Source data
________________

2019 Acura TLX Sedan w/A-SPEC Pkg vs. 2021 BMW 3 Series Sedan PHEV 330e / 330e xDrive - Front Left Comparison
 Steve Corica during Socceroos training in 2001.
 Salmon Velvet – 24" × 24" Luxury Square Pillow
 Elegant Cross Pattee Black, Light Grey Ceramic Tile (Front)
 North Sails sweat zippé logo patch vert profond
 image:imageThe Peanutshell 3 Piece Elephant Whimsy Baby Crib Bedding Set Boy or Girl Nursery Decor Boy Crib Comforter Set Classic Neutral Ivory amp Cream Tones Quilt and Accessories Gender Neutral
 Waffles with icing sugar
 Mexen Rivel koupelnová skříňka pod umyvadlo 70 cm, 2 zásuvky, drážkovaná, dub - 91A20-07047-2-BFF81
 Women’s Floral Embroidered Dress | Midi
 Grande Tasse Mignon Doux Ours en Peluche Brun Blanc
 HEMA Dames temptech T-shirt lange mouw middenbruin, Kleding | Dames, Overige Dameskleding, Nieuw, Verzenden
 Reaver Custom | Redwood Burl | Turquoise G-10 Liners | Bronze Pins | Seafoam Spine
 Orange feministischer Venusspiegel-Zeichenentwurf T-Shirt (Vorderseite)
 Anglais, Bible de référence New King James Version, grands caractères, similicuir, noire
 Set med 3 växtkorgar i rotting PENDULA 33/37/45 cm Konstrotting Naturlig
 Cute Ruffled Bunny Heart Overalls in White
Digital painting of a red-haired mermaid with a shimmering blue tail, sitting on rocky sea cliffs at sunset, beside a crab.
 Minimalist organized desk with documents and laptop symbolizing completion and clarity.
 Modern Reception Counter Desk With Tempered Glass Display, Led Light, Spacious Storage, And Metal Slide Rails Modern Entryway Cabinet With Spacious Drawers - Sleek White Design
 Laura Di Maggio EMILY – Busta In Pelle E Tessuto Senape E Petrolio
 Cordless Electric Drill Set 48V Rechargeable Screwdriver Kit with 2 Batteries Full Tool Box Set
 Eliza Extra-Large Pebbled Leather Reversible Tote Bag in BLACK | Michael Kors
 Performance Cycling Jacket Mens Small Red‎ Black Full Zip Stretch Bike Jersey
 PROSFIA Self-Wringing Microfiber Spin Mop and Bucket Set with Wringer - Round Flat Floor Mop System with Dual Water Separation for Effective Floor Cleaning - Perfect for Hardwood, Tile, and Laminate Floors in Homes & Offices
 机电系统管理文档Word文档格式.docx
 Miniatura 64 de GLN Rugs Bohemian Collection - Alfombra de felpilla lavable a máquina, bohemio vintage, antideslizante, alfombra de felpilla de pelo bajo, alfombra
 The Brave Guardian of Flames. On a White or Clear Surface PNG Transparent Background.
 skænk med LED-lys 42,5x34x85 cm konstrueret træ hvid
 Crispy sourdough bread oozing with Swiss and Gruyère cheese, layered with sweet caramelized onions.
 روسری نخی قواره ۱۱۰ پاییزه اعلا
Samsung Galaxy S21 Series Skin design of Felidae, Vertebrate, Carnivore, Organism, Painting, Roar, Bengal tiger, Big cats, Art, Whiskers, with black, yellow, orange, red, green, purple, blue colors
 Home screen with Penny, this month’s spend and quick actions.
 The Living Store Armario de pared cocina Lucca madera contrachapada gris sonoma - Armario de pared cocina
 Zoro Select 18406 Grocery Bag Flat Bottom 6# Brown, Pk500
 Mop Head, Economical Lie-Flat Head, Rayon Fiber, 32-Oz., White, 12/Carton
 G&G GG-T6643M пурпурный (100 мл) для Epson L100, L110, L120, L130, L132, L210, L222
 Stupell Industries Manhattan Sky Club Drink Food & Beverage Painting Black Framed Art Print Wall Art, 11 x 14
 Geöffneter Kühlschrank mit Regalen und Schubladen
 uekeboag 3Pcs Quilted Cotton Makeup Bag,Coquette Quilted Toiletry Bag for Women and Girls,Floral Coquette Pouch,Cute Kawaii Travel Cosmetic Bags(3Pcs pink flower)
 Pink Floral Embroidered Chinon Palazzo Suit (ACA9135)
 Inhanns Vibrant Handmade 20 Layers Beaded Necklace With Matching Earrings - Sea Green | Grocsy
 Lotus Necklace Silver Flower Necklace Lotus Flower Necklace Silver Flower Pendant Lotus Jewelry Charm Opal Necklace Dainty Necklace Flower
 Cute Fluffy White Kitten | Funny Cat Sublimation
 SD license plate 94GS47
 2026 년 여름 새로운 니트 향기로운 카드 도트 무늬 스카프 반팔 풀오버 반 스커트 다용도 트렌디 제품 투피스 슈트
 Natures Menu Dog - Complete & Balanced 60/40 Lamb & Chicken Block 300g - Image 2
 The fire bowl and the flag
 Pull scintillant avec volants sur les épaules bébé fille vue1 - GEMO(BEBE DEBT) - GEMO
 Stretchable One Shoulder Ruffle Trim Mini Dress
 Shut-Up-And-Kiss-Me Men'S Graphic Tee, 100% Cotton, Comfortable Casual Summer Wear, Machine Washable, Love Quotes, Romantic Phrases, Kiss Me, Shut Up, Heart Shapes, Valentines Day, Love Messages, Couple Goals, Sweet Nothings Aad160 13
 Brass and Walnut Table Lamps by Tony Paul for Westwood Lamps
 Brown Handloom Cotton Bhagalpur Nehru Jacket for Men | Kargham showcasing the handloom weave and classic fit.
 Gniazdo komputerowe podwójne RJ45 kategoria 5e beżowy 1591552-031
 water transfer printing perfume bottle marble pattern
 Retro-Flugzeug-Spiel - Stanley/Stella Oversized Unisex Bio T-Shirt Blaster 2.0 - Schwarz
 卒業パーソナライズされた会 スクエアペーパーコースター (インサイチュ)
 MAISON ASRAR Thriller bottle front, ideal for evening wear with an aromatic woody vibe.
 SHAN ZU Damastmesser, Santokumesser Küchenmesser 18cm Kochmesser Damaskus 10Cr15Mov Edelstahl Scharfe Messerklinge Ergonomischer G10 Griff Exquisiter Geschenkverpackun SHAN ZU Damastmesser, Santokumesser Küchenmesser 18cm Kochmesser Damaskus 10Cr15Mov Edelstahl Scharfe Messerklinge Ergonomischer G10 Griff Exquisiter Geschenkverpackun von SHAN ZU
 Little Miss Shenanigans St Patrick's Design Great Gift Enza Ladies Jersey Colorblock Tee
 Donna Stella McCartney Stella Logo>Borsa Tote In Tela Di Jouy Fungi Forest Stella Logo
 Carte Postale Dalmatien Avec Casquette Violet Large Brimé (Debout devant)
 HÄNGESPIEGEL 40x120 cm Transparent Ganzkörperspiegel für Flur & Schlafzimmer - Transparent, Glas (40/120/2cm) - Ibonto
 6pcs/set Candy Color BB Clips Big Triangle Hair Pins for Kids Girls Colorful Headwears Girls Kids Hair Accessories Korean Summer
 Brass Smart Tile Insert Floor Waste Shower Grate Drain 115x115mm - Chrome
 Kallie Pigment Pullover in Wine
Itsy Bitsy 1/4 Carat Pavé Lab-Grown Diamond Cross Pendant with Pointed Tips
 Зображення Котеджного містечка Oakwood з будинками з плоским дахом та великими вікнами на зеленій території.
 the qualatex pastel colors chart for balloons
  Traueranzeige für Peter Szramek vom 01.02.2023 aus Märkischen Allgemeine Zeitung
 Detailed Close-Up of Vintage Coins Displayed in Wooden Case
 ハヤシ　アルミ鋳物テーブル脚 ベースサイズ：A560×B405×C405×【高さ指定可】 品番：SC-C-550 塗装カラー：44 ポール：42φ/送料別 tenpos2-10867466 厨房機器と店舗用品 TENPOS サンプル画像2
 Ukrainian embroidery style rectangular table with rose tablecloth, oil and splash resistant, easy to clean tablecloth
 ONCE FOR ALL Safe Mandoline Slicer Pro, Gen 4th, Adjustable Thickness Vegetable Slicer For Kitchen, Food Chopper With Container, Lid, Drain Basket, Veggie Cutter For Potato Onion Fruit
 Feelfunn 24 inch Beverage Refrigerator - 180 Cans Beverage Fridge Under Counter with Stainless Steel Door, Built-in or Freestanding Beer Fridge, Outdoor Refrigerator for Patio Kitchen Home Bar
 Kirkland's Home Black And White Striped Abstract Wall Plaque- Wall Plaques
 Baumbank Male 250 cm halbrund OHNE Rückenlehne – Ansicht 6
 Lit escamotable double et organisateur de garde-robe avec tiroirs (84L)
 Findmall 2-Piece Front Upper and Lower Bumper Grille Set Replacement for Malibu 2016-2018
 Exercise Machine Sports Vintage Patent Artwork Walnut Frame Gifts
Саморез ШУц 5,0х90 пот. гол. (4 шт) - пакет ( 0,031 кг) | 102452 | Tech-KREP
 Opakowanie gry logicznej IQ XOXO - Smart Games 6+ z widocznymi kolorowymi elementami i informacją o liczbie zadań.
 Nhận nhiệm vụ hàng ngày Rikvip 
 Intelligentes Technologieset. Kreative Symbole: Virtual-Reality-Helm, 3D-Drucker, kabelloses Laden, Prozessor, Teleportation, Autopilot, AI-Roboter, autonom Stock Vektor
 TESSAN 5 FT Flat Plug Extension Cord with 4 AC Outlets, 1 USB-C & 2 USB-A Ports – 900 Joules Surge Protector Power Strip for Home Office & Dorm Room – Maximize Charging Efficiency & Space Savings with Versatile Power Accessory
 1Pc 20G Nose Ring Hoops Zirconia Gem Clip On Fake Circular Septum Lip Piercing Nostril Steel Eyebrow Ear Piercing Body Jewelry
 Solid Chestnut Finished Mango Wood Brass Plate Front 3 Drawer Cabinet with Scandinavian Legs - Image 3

________________

YOUR OBJECTIVE
Among the lines above, repeat exactly those from the line with "روسری نخی قواره ۱۱۰ پاییزه اعلا" to the line with "Geöffneter Kühlschrank mit", counting both ends.

ANSWER AREA
 روسری نخی قواره ۱۱۰ پاییزه اعلا
Samsung Galaxy S21 Series Skin design of Felidae, Vertebrate, Carnivore, Organism, Painting, Roar, Bengal tiger, Big cats, Art, Whiskers, with black, yellow, orange, red, green, purple, blue colors
 Home screen with Penny, this month’s spend and quick actions.
 The Living Store Armario de pared cocina Lucca madera contrachapada gris sonoma - Armario de pared cocina
 Zoro Select 18406 Grocery Bag Flat Bottom 6# Brown, Pk500
 Mop Head, Economical Lie-Flat Head, Rayon Fiber, 32-Oz., White, 12/Carton
 G&G GG-T6643M пурпурный (100 мл) для Epson L100, L110, L120, L130, L132, L210, L222
 Stupell Industries Manhattan Sky Club Drink Food & Beverage Painting Black Framed Art Print Wall Art, 11 x 14
 Geöffneter Kühlschrank mit Regalen und Schubladen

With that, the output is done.